Le cadre temporel a une valeur importante dans l’institution. En effet, l’accueil d’enfants et d’adolescents atteints de Troubles du Spectre Autistique, de polyhandicap ou autres, nécessite d’amener des repères temporels stables. Les imprévus peuvent être source d’anxiété, voire de troubles du comportement chez certains jeunes. Le programme de la semaine est donc très régulier. Seuls les week ends et les vacances viennent rompre ce rythme journalier, tout en le structurant parallèlement.

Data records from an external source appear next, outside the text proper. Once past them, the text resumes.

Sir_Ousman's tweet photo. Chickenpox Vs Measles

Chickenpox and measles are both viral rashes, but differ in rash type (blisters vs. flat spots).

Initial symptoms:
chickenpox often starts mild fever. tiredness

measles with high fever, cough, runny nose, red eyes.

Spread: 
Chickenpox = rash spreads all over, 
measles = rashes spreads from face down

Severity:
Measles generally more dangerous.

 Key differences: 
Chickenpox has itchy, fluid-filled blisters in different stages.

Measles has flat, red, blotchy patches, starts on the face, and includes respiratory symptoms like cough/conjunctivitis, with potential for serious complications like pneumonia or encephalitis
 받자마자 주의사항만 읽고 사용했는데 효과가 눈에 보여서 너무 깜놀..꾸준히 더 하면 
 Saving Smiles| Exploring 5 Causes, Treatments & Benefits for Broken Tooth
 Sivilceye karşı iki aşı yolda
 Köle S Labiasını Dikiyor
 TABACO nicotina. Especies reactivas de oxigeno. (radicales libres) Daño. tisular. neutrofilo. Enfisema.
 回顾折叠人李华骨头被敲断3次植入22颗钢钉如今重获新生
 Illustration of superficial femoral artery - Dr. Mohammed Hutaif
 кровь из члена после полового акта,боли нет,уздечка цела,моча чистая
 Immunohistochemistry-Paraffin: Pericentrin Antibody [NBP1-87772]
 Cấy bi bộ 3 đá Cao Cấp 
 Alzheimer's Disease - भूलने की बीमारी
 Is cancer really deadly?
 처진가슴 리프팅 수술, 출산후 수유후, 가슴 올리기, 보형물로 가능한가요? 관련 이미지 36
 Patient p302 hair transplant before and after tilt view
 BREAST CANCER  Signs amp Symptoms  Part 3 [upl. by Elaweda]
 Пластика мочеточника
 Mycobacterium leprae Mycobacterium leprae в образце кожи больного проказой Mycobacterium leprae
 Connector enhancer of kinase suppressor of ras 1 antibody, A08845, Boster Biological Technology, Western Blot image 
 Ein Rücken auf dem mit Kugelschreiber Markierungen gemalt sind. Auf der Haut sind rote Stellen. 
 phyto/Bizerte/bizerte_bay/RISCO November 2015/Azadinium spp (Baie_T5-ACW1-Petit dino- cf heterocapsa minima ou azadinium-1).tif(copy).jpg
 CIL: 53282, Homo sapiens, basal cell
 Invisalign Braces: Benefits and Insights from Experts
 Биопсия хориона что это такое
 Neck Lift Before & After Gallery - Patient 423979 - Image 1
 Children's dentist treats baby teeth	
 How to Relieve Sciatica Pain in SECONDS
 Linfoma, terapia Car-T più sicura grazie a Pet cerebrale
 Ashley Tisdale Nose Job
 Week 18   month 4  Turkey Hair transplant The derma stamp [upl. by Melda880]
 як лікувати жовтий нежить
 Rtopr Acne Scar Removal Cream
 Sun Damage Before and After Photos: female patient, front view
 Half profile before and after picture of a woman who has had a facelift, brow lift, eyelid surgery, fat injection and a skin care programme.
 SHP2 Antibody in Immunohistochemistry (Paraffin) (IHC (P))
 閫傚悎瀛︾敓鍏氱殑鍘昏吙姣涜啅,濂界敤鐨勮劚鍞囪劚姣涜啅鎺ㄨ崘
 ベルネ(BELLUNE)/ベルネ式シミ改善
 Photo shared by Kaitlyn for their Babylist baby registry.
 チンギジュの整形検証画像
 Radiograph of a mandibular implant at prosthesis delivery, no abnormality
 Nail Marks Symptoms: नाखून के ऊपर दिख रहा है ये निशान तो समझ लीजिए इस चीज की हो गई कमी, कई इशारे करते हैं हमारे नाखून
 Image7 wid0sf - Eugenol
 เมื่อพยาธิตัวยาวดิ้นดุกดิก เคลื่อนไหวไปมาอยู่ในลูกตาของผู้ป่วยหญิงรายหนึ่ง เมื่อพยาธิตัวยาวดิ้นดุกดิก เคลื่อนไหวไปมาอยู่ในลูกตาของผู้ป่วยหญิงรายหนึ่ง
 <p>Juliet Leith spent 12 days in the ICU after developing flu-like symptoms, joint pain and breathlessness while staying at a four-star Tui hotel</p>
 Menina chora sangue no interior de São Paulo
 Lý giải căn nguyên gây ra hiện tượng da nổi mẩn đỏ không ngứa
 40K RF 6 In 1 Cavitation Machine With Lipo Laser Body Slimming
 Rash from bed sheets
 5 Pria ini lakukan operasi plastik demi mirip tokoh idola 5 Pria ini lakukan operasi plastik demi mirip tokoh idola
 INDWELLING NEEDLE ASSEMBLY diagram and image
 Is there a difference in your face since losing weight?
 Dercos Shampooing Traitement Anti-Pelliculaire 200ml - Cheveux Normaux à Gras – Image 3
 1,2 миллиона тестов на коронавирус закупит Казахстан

Le matin, les jeunes externes arrivent à l’IME à partir de 7 h 30, amenés par des taxis ou par leurs parents. Ils restent un temps à l’accueil, permettant la transition entre l’extérieur et l’intérieur de la structure : ils sont dans l’établissement mais pas encore dans leur lieu de vie. Pendant ce temps, les internes prennent leur petit-déjeuner dans leur groupe respectif. Chaque semaine, les jeunes ont en général deux temps d’école de trente minutes. Ils bénéficient également de prises en soin en groupe ou en individuel avec les différents professionnels du paramédical (kinésithérapie, orthophonie, psychomotricité). Ces temps pédagogiques et thérapeutiques sont couplés par des temps d’activités, proposés au sein même de l’IME (ateliers conte, ateliers de soin esthétiques, musique, piscine, arts plastiques, ateliers cuisine, ateliers sensoriels, sport adapté, etc.), ou quelques fois à l’extérieur (l’équitation, des sorties au marché de la ville, des sorties culturelles, etc.). Le soir, à partir de 16 h 30, les externes se retrouvent dans l’accueil pour se préparer au départ, tandis que pour les internes, c’est l’occasion de se retrouver en plus petit comité au sein de leur groupe.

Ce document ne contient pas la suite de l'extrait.